Algoritmos heurísticos para equilibrio de carga en anillos bidireccionales
- Bernardino, Anabela
- Juan Manuel Sánchez Pérez Director/a
Universidad de defensa: Universidad de Extremadura
Fecha de defensa: 27 de junio de 2012
- Pedro Isasi Viñuela Presidente/a
- Fernando José Mateus Silva Secretario/a
- Coromoto León Hernández Vocal
- Ignacio Rojas Ruiz Vocal
- Juan Antonio Gómez Pulido Vocal
Tipo: Tesis
Resumen
Internet applications need a substantial amount of bandwidth in order to guarantee access to different applications with minimal delays. Ring networks are suited to deliver a large amount of bandwidth in a reliable and inexpensive way. An optimal load balancing is of paramount importance because it increases the system capacity and improves the overall ring performance. In this context an important optimisation problem is the Weighted Ring Loading Problem (WRLP). That is the design of a direct path for each request, in a communication network, in a way that high load on the arcs/edges will be avoided, where an arc is an edge endowed with a direction. The load of an arc is defined as the total weight of those requests routed through the Arc in its direction (WRALP), and the load of an edge as the number of routes traversing the Edge in either direction (WRELP). WRALP/WRELP ask for a routing scheme such that the maximum load on arcs/edges will be minimum. In this Thesis, we study these two problems without demand splitting. The work presented in this Thesis is also focused in other two problems that arise in the design of optical telecommunication networks, namely the Synchronous optical network Ring Assignment Problem (SRAP) and the Intraring synchronous optical network Design Problem (IDP). In SRAP, the objective is to minimise the number of rings and in IDP, the objective is to minimise the number of Add-Drop Multiplexers (ADMs). Both problems are subject to a ring capacity constraint.

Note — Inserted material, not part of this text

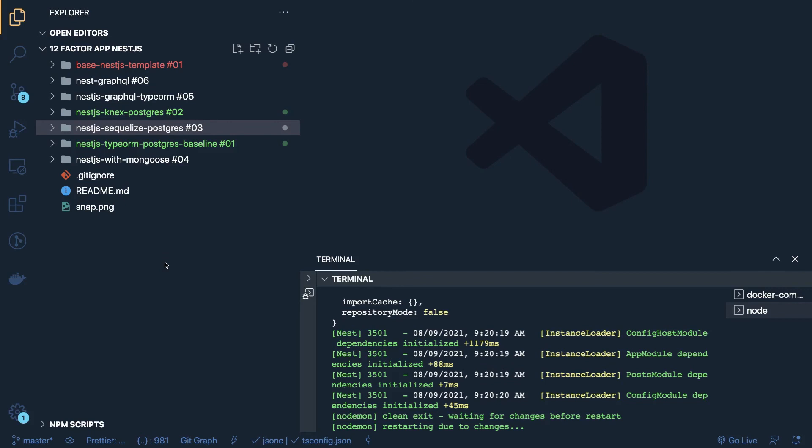So if you want to play around the NestJS with the Sequelize, NestJS with the TypeORM, NestJS with the Knex, NestJS with the simple GraphQL application, you can play with those kind of examples. Thanks everyone.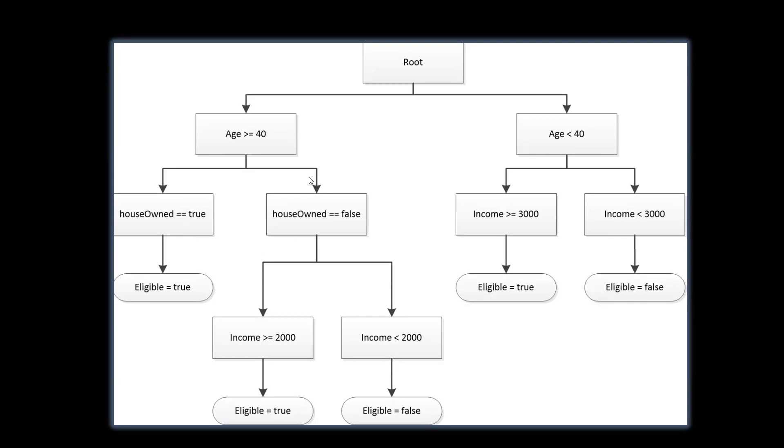First, let's discuss this part. Age is more than or equal to 40, whether they own a house. If yes, they are eligible.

To solve these four NP-hard (Non-deterministic Polynomial-time hard) problems, are proposed several metaheuristic algorithms including bio-inspired randomised search heuristics such as Evolutionary Algorithms (EAs), Swarm Intelligence (SI) algorithms, and hybridisations with Local Search (LS). The foremost objectives of this work were those of defining/applying new algorithms for solving the four problems addressed in this Thesis, capable of producing better results in smaller times comparing with the results already obtained in literature. Were performed several modifications to the basic form of the algorithms in order to improve their efficiency. Simulation results verify the effectiveness of the proposed algorithms.